[GIVEN RECORDS Boundary: Start]

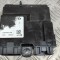 Unitate de control haion VOLVO V90 II 2019 OEM: 32214767,C81045-106,31676622 21837561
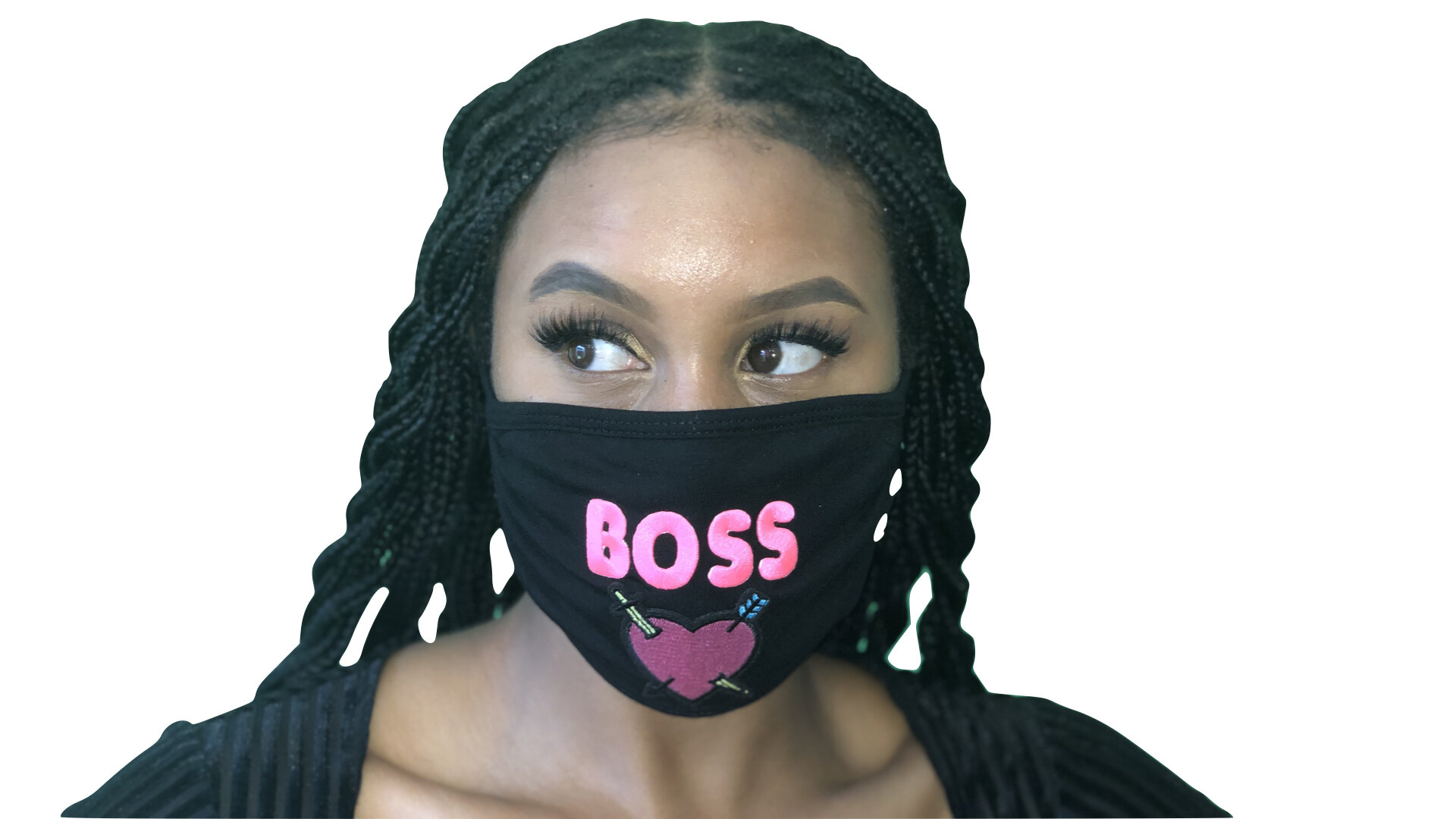 BOSS.001.jpeg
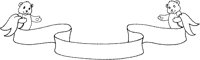 CWT50008.TIF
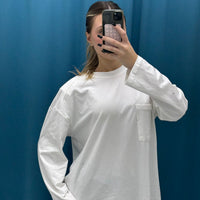 Soho Pocket Knit - 9273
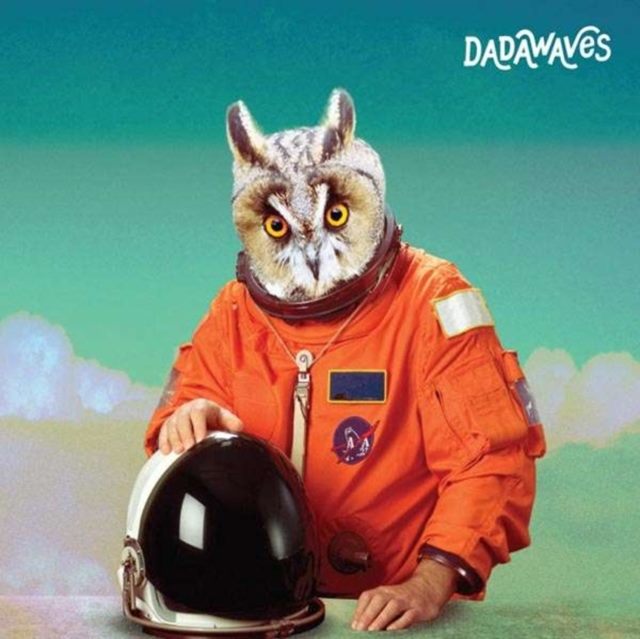 DadaWaves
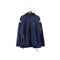 1999 Tommy Hilfiger Athletics Spell Out Full Zip Hoodie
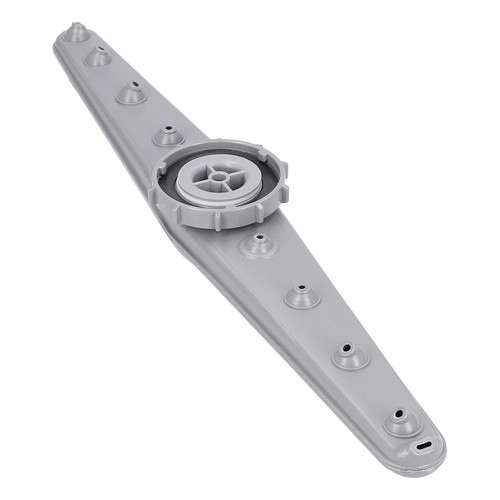 Easypart 1000048619 099 - easypart, 1000048619-099
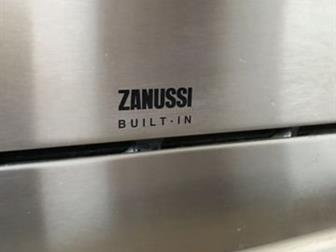      Zanussi,  ,   ,   60,  55,  60,  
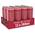 Monster Energy Pipeline Punch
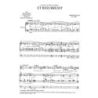 Dalby, Martin - Et Resurrexit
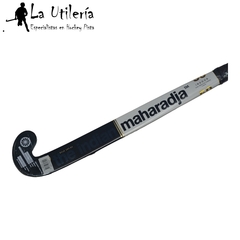 Stick The Indian Maharadja Gold 50 Lowbow - comprar online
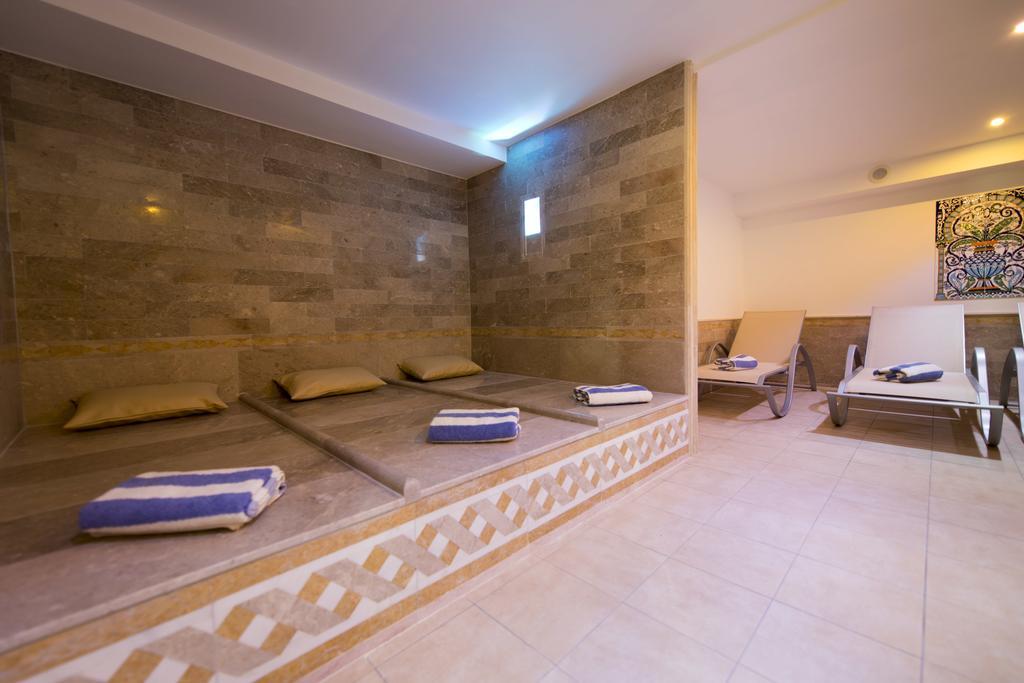 Alexain Hotel Restaurant & Wellness - Colmar Ouest Trois-Épis Εξωτερικό φωτογραφία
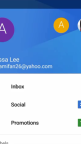 Gmail 5.0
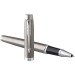 IM Parker rollerball pen wholesaler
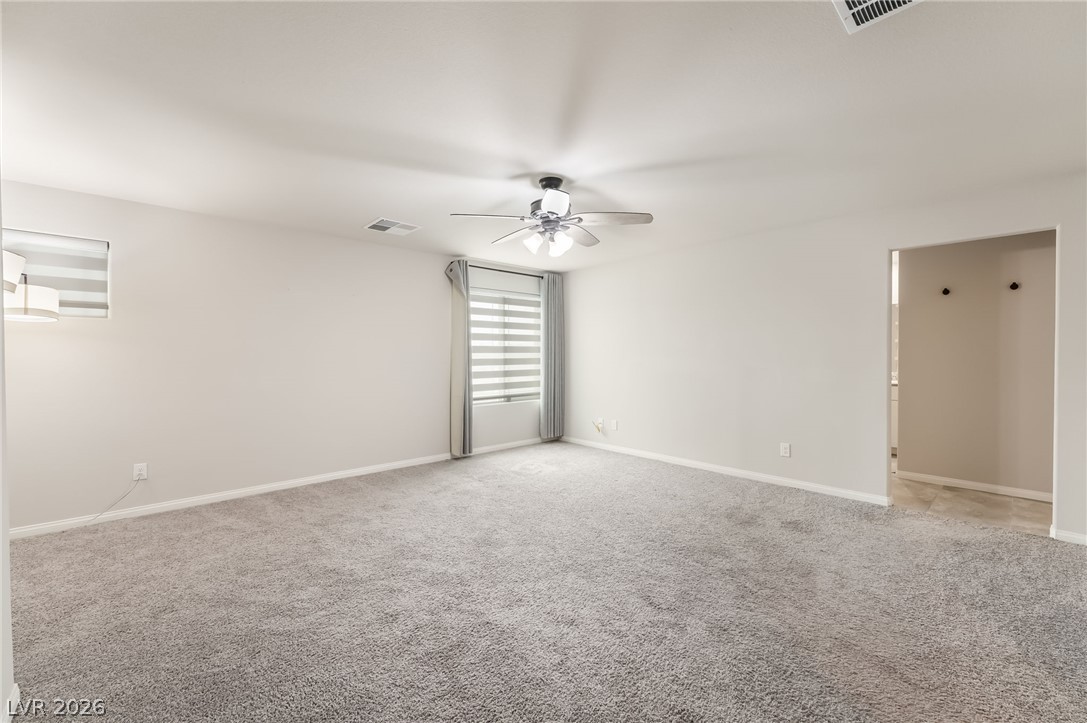4622 Pointleaf Street North Las Vegas NV 89032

[GIVEN RECORDS Boundary: End]

» **TASK TO COMPLETE**
Starting with the line that holds "1999 Tommy Hilfiger", repeat exactly every line through the end of the material above, both ends included, without the pictures.

» **EXPECTED ANSWER**
 1999 Tommy Hilfiger Athletics Spell Out Full Zip Hoodie
 Easypart 1000048619 099 - easypart, 1000048619-099
      Zanussi,  ,   ,   60,  55,  60,  
 Monster Energy Pipeline Punch
 Dalby, Martin - Et Resurrexit
 Stick The Indian Maharadja Gold 50 Lowbow - comprar online
 Alexain Hotel Restaurant & Wellness - Colmar Ouest Trois-Épis Εξωτερικό φωτογραφία
 Gmail 5.0
 IM Parker rollerball pen wholesaler
4622 Pointleaf Street North Las Vegas NV 89032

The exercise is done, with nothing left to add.